The media just frenzied on a story about a fast food sandwich, but missed the meat in the middle.
By Will Meyer
It’s safe to say that nobody predicted the pandemonium of August 27, when the fast-food chain Popeyes ran out of its viral chicken sandwich. The company commanded lines around the block at many of its 2,400 locations. Employees, who scarcely make $10 per hour in many parts of the country, were threatened and overworked. Vigilantes pulled a gun on the staff of a Houston location after the restaurant ran out of the sandwiches.
It’s no secret brands will do just about anything to go viral. In this case, Popeyes merely had to respond to a Tweet from Chik-Fil-A asserting “love” for the “original” chicken sandwich. With its political sub-text, the spat snowballed into a meme feud for the ages, grossing millions in sales and winning approving nods from Wall Street. Not to miss out on the fun, the press heavily reported the story. From local news crews to glossy magazines, the ascent of the chicken sandwich gained the kind of media traction that advertising executives dream about. Vice called the sandwich a “Masterpiece.” The New Yorker gushed, “The Popeyes Chicken Sandwich Is Here to Save America.” The Washington Post called it a “superior sandwich.”

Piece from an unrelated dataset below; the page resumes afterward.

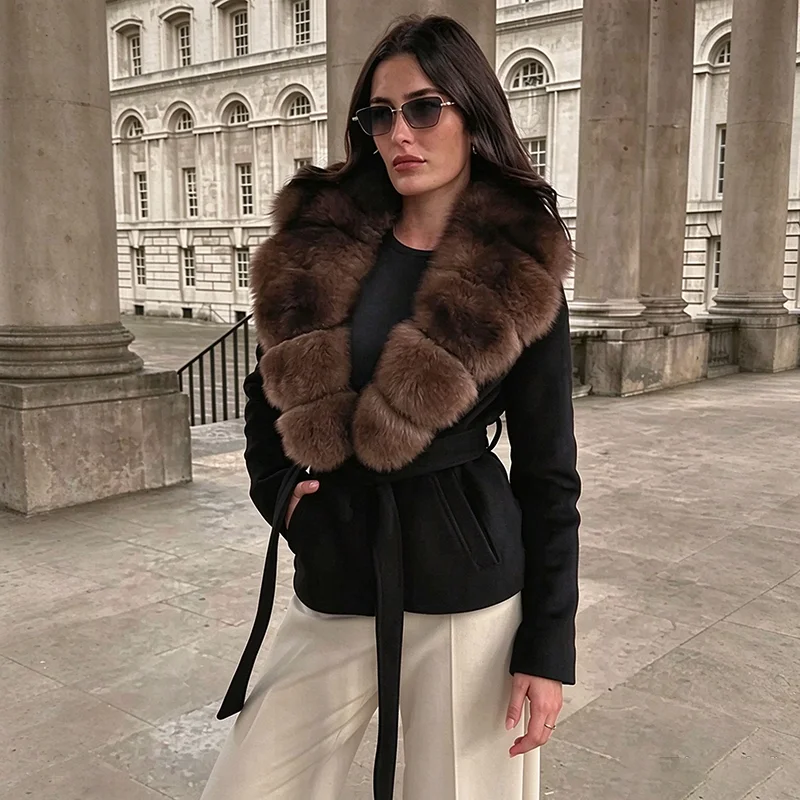 FANAN Elegant Women Fur Patchwork Lace Up Coats Luxury Belt Lapel Long Sleeve Warm Jacket 2025 Autumn Winter Lady Furry Outwear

Like the perfect sandwich, the story seemed to have everything. The bumper cars spectacle of every fast food chain under the sun Tweeting about the superiority of their chicken sandwich, coupled with the savory crunch of Popeyes pickles. The story even had a moral villain: the anti-gay Chick-Fil-A. Countless outlets piled on the chain for funding anti-LGBTQ groups, some even going as far as pitching Popeyes as an ethical alternative to Chick-Fil-A.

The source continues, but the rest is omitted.